I have a data set of single end reads based on the 16S v4 region. The reason they’re single end is I only have access to an iSeq instrument with 2x150 bp reads and the 16S v4 region nears 300 bp including primer sequences.

I’ve managed to process the data using the miseq protocol with some adjustments for a single fastq file (namely, using fastq.info and make.group commands). This works great. My question is about the post-alignment screening portion of the protocol. So far I’ve prepared a pipeline that screens the F primer fragment of the amplicon for alignment using start=11895 and end=21278, but I imagine this excludes the R primer fragment from analysis. Does it make sense to analyze each fastq file twice, once for the F fragment (start=11895 and end=21278) and again for the R fragment (start=21340, end=25434)? Or am I not thinking about this correctly.

Hi,

If you only have access to 2x150 data, then I’d suggest tossing the second read. It’s going to be a higher error rate than the first. With the first read, I’d encourage you to use the phylotype-based approach we describe in the MiSeq SOP.

Pat

Hi Pat,

Thank you for your reply! I am only analyzing read1 in this case. My question is based on my understanding of adapter-index ligation, such that read1 will contain a mix of sequences primed off either the F or R 16S primer.
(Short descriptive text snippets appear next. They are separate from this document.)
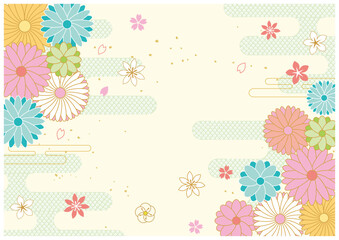 花の和柄と和紙背景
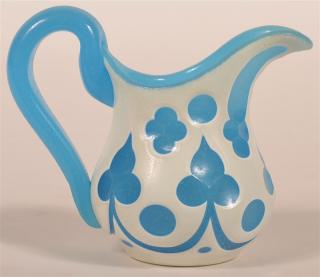 Appraisal: Opaque Cut to Blue Blown Glass Cream Pitcher Opaque Cut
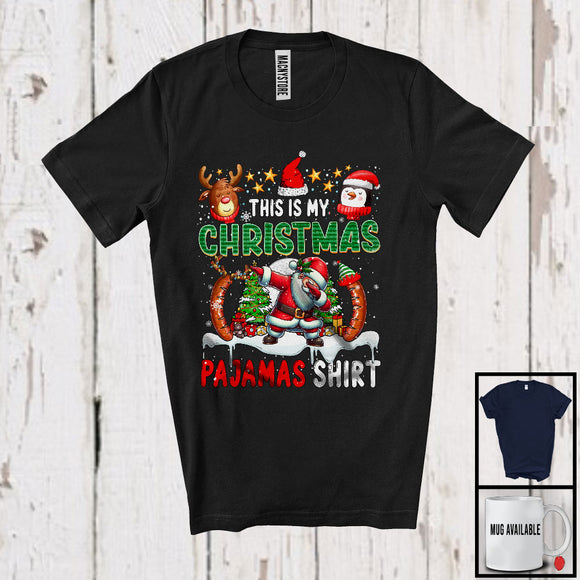 MacnyStore - This Is My Christmas Pajamas Shirt; Joyful X-mas Tree Dabbing Santa Sausage; Eating Food T-Shirt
If that is correct, then I believe I can perform the mothur alignment for the F primer and R primer fragments separately and then append the lists to obtain the full data set provided by read1.
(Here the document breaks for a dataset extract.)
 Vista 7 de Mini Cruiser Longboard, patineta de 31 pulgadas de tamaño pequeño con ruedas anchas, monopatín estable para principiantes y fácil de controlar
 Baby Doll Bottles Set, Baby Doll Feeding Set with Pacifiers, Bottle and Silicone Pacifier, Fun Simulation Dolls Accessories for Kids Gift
I will consider phylotype analysis based on your suggestion, as well.

Hi,

Sorry, I’m really not sure how they built the libraries. If half of the R1 reads are forward and half are reverse, then I would strongly encourage you to only work with R1 and pick a direction to use the reads from. The first read is better than the second and for both reads the proximal end of the read is better than the distal. If you are comparing different ends from different reads that seems like it could be quite a headache. You could certainly use align.seqs, summary.seqs, and screen.seqs to figure out what should go with what.

Pat